*** Begin section ***
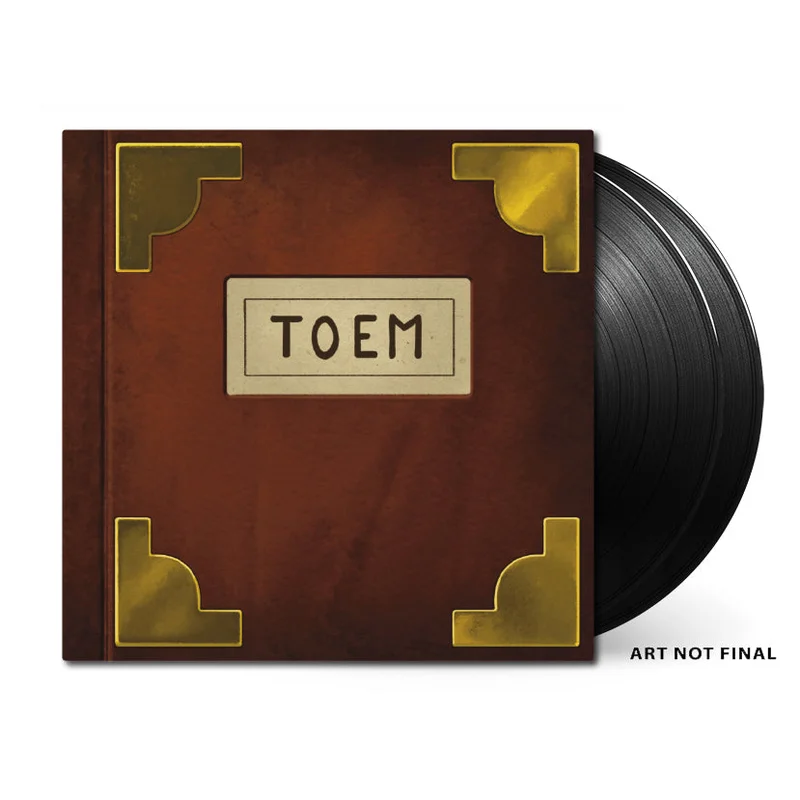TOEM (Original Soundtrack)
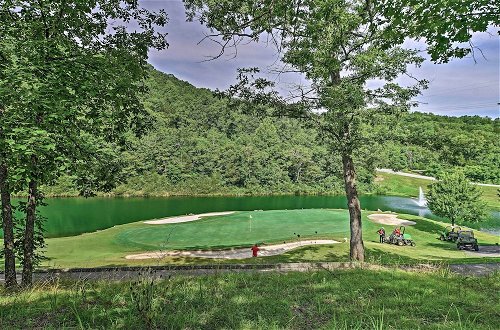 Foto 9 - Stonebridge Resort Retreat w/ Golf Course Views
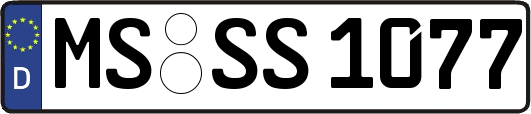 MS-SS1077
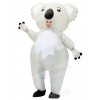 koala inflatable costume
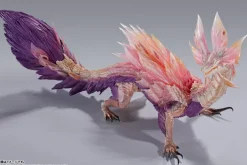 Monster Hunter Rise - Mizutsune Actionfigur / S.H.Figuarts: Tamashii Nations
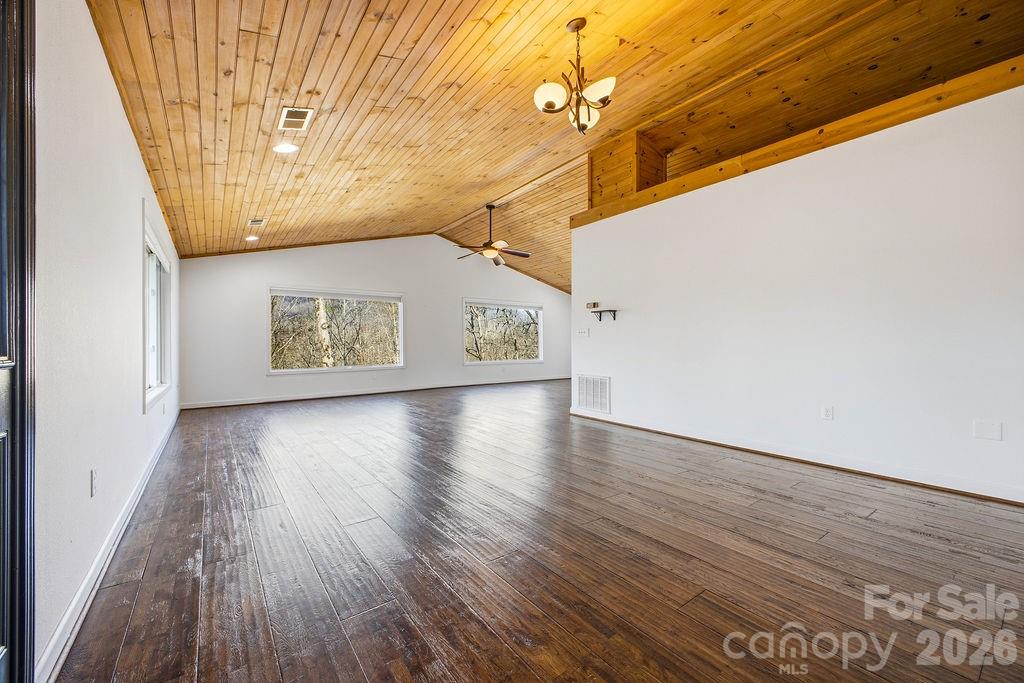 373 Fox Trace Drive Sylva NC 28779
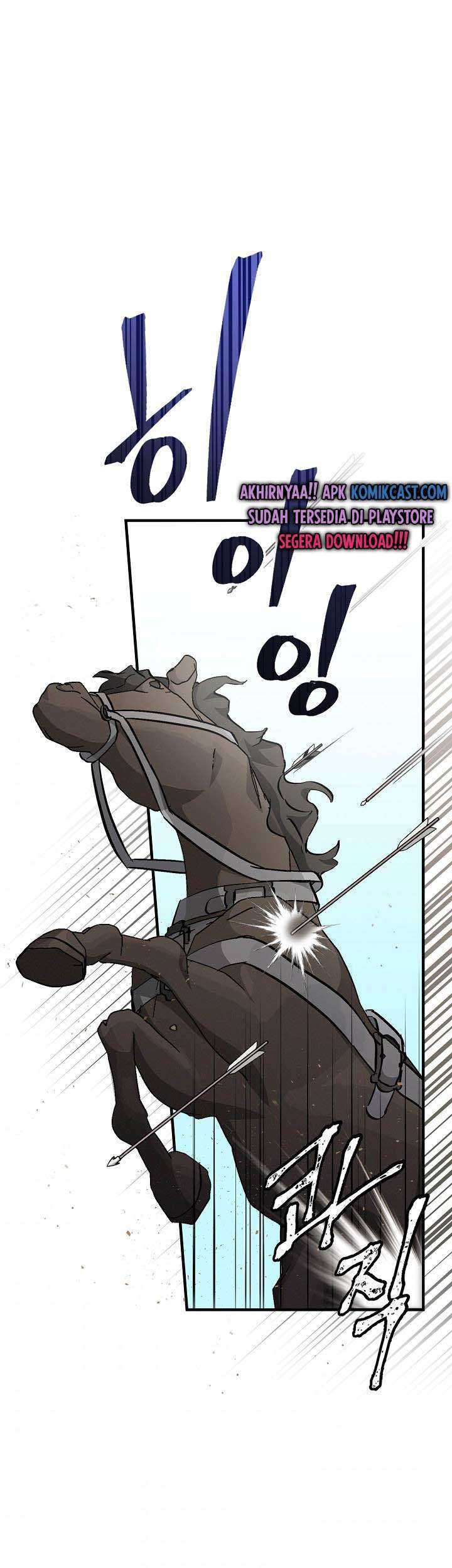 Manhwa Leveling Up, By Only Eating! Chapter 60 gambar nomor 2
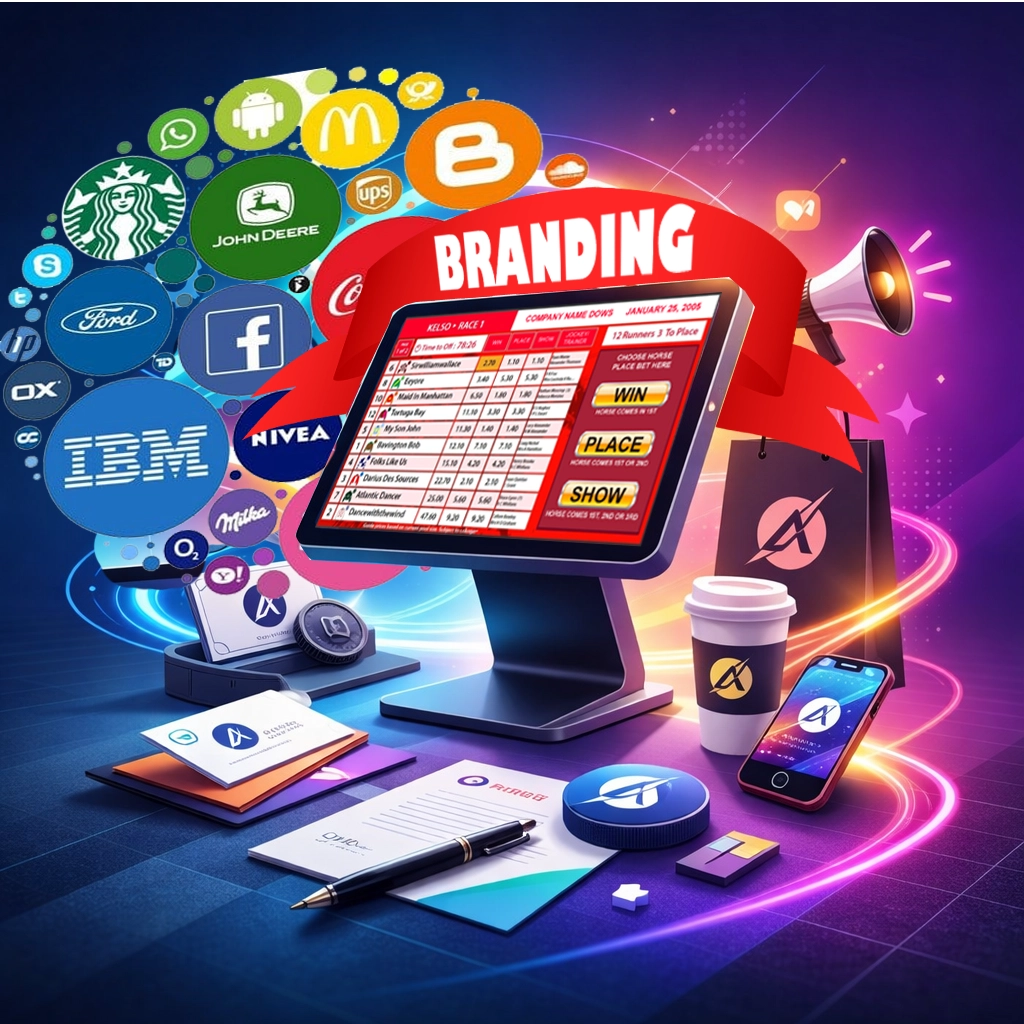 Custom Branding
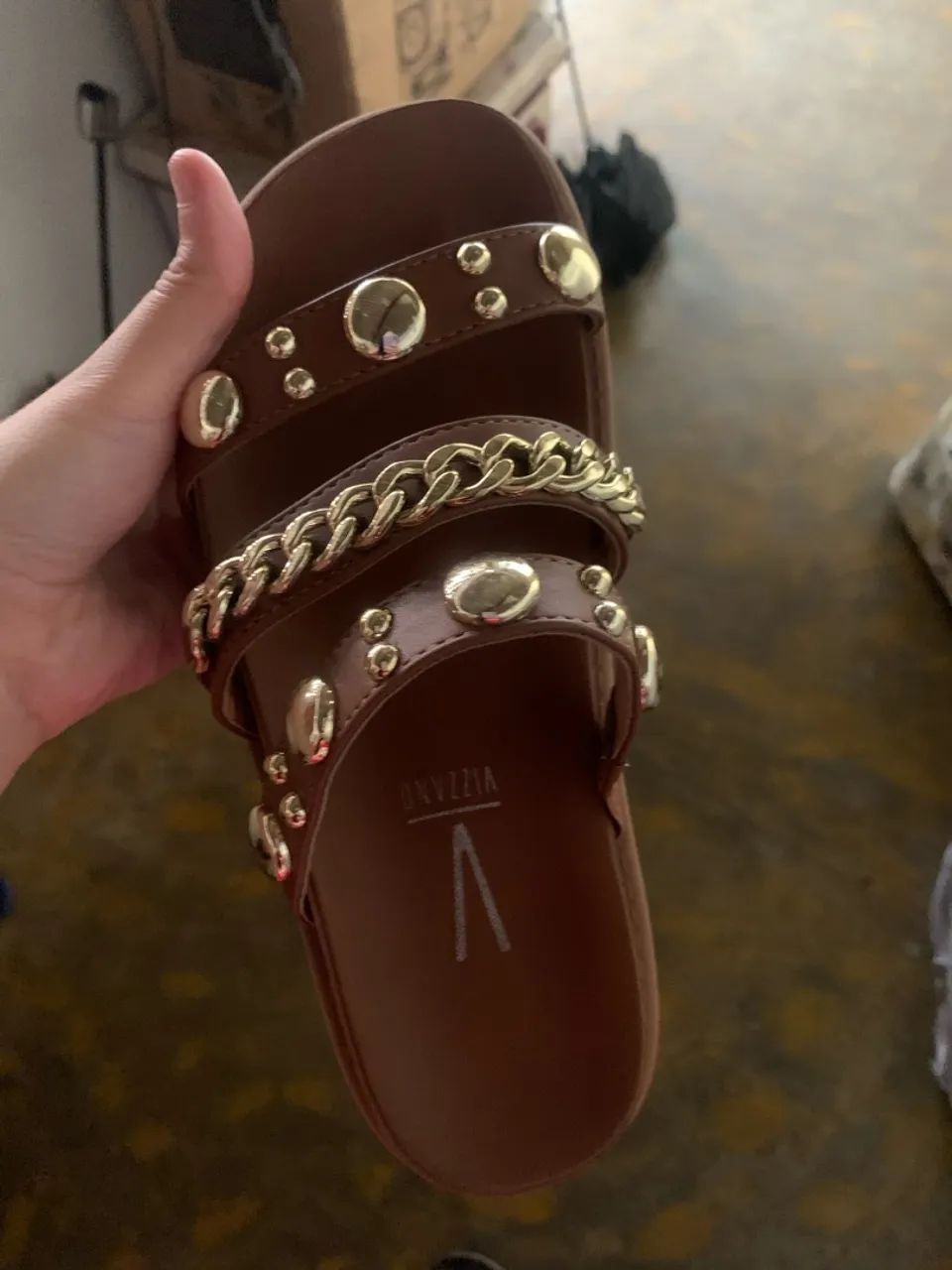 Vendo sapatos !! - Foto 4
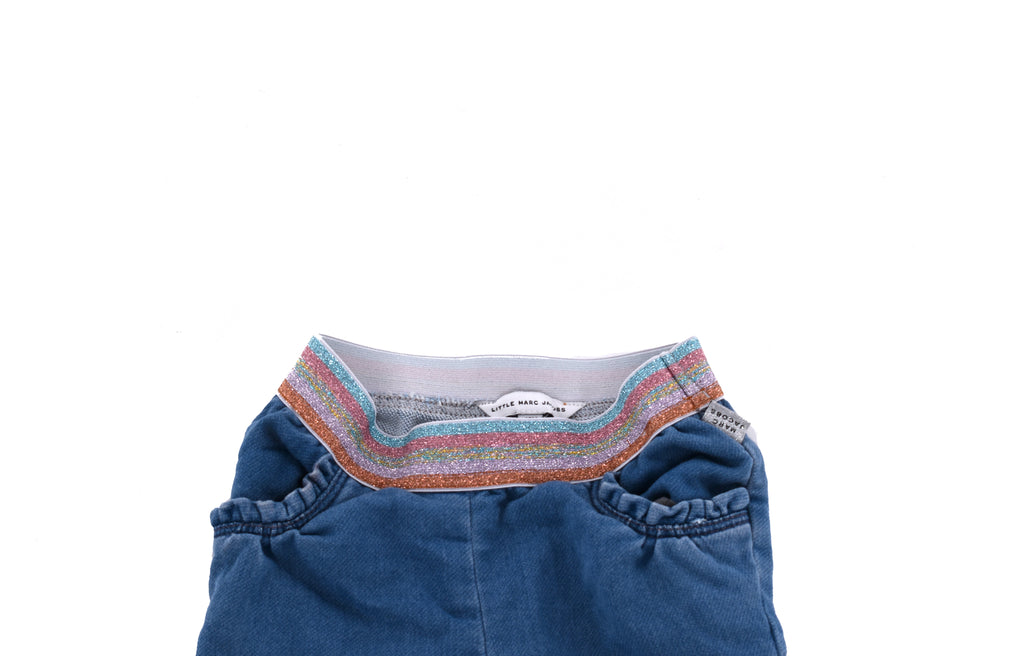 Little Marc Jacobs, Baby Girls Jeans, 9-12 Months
*** End section ***
* Goal of the exercise *
Transcribe exactly, and only, the lines from the one containing "Vendo sapatos !! - Foto 4" through the last line of the records above, both included; leave out the pictures.

* Solved problem *
 Vendo sapatos !! - Foto 4
 Little Marc Jacobs, Baby Girls Jeans, 9-12 Months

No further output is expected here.